Starting at the line below with "The right coronary" and stopping at the line with "Another thing about", please print each line exactly, those two included, and skip every picture.

* * *

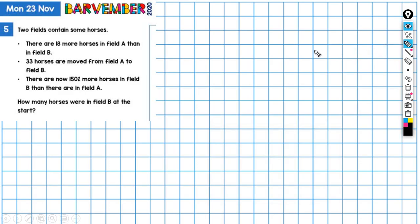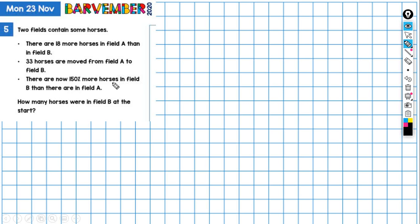A really interesting problem today and I'm going to show you two ways that you might use bar models to solve this. Two fields contain some horses. There are 18 more horses in field A than in field B. 33 horses are moved from field A to field B and there are now 150% more horses in field B than there are in field A. The question we're asked is: how many horses were in field B at the start?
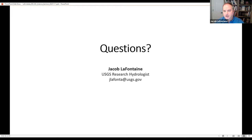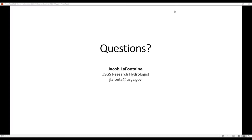That's all I have for now—thank you for your time, and I'm happy to take questions. We have some time for Q&A. You can raise your hand in the participant box or unmute yourself directly, or put your question in the chat box.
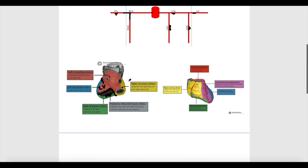The right coronary artery supplies mainly the right atrium and the right ventricle — the right atrium anteriorly and posteriorly, and the right ventricle anteriorly. The posterior interventricular artery supplies the right and left ventricles and the interventricular septum, which is the wall separating the left and right ventricles from the inside of the heart. This septum is very important because if it becomes deprived of blood, a hole can develop between the left and right ventricles, which is very dangerous.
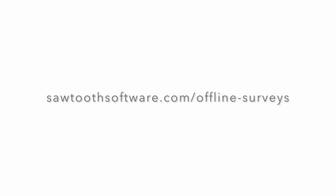To learn more about Offline Surveys, go to sawtoothsoftware.com/offline-surveys.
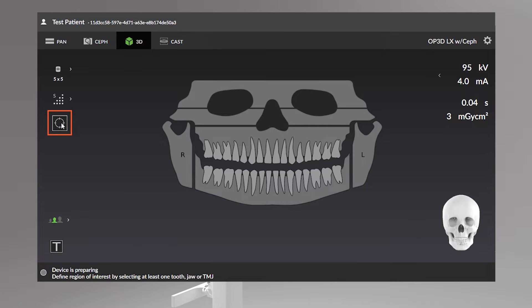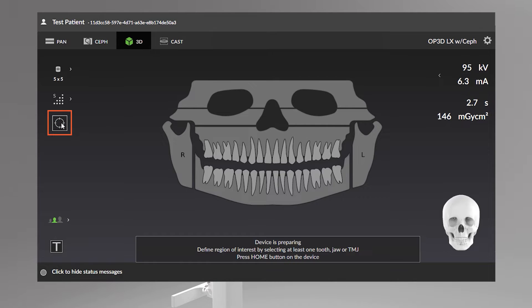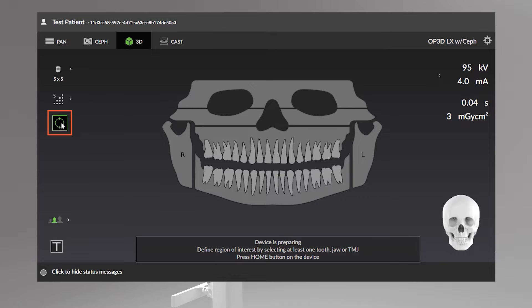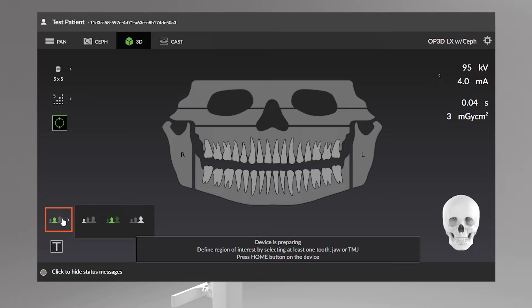This icon allows you to select the scout image program. A scout image is taken to verify and perform adjustments to the field of view position and height before initiating a full 3D scan. By default, the scout image option is always active when taking 3D images.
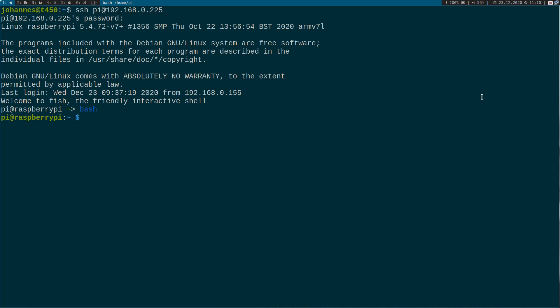Another thing about Linux kernel modules is you can load them dynamically into the kernel and out of the kernel. I will show you how to do this after we have created our first Hello World kernel module.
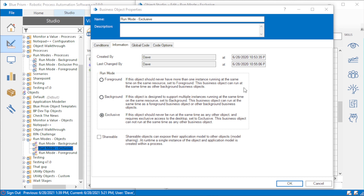Hey everybody, Dave here. Have you ever gone into Blue Prism, looked in the business object properties, and seen run mode and thought, well, what is that? I vaguely remember answering questions on an exam for a certification for what that was, and I kind of just guessed my way through it. I've been there, and run modes is a pretty easy topic actually, but it's not what I'd call the most intuitive ever.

* * *

- TASK RESPONSE
The right coronary artery supplies mainly the right atrium and the right ventricle — the right atrium anteriorly and posteriorly, and the right ventricle anteriorly. The posterior interventricular artery supplies the right and left ventricles and the interventricular septum, which is the wall separating the left and right ventricles from the inside of the heart. This septum is very important because if it becomes deprived of blood, a hole can develop between the left and right ventricles, which is very dangerous.
To learn more about Offline Surveys, go to sawtoothsoftware.com/offline-surveys.
This icon allows you to select the scout image program. A scout image is taken to verify and perform adjustments to the field of view position and height before initiating a full 3D scan. By default, the scout image option is always active when taking 3D images.
Another thing about Linux kernel modules is you can load them dynamically into the kernel and out of the kernel. I will show you how to do this after we have created our first Hello World kernel module.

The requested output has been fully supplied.